Single pivot is not bad, there aren't many ds bikes where the rebound does not affect the chain ring and rear cog distance. Even some of the newer expensive models can not tackle that problem all the do is add a rear shock lock out. 
Most rear suspension bikes even with dual pivot still have the URT concept. Surf the web you will see it.


----------



## mstguide (Oct 20, 2008)

*Question*

Seal Bearings. Like those on rollerblades or skates.


----------



## Rufudufus (Apr 27, 2004)

Curmy said:


> Except 700DS is not a URT
> 
> Looks like a single pivot to me.


My bad, not a URT. Wikipedia on single pivot:"Its flaws, however, are that the design suffers from bob, brake jacking, and chain growth." Yeti does seem to make it work on the 575, with a $350 shock. I don't know how well Motobecane implements it on a $600 ride. But hey, it might be awesome.


----------



## Broccoli (Jun 11, 2008)

Rufudufus said:


> My bad, not a URT. Wikipedia on single pivot:"Its flaws, however, are that the design suffers from bob, brake jacking, and chain growth." Yeti does seem to make it work on the 575, with a $350 shock.
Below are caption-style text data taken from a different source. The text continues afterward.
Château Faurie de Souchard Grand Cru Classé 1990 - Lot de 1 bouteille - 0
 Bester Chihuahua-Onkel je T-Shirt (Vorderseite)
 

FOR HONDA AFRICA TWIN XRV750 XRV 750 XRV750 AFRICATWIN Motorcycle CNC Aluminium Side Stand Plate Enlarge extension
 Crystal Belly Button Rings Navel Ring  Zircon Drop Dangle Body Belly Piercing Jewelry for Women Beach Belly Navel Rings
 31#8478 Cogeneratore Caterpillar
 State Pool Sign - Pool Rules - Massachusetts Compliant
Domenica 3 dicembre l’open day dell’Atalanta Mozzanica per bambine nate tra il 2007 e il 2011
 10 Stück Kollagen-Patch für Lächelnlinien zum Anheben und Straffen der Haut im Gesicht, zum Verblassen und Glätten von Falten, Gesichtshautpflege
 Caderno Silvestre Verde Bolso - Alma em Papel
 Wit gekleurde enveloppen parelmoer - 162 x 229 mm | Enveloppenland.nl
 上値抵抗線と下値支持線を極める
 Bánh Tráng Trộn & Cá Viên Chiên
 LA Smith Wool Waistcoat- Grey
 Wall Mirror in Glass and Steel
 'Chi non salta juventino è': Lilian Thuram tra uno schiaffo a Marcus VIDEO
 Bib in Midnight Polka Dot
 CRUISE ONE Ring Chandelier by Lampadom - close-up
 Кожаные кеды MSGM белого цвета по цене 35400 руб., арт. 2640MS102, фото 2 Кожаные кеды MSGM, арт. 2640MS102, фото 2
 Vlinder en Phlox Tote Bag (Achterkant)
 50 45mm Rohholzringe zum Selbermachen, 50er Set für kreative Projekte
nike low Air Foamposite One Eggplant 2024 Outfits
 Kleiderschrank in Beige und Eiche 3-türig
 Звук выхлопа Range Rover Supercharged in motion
I don't know how well Motobecane implements it on a $600 ride. But hey, it might be awesome.


That is the reason I have started this by noting that the shock is by far more important. And it is not $350 for a manufacturer. Suspension design is fine. It is not a URT. Claiming it is somehow obsolete is ridiculous. Single pivot bikes with similar pivot placement are being made and ridden every day and they work just fine.


----------



## mas22386 (Feb 28, 2009)

so you guys are saying that all single pivot bikes are junk right???


----------



## mstguide (Oct 20, 2008)

*Wow*

What we have here is a failure to communicated.


----------



## Ken in KC (Jan 12, 2004)

*Sort of.... but no....*



mas22386 said:


> so you guys are saying that all single pivot bikes are junk right???


The single pivot design isn't as mechanically sound as a 4-bar link. So a single pivot with a lower end shock won't function as well as a 4-bar link with a lower end shock. A single pivot with an upper end shock will and does work great.


----------



## mas22386 (Feb 28, 2009)

I think that this whole conversation has been taken to far look some people don't care if their bike is the best on the market or what other people think. It works for me and there are other people like it to i just ride because i like it. If that's to much for some of you to wrap your little minds around then so be it. I thought this site was a place to share info about the bike that you have not to just trash talk when some one makes statement about a bike that they own. I was mistaken so all you haters can just eat a fat d*ck


----------



## zarr (Feb 14, 2008)

Here's a good idea. Take your time, ask questions and get answers from reputable people on the forums, get yourself a some tools,scout out some bargains, AND BUILD YOUR OWN BIKE. Good night.  P.S.- as Tommy Heinson so eloquently said it, "you don't have to be a rocket scientist to figure that one out".


----------



## Broccoli (Jun 11, 2008)

Ken in KC said:


> The single pivot design isn't as mechanically sound as a 4-bar link. So a single pivot with a lower end shock won't function as well as a 4-bar link with a lower end shock. A single pivot with an upper end shock will and does work great.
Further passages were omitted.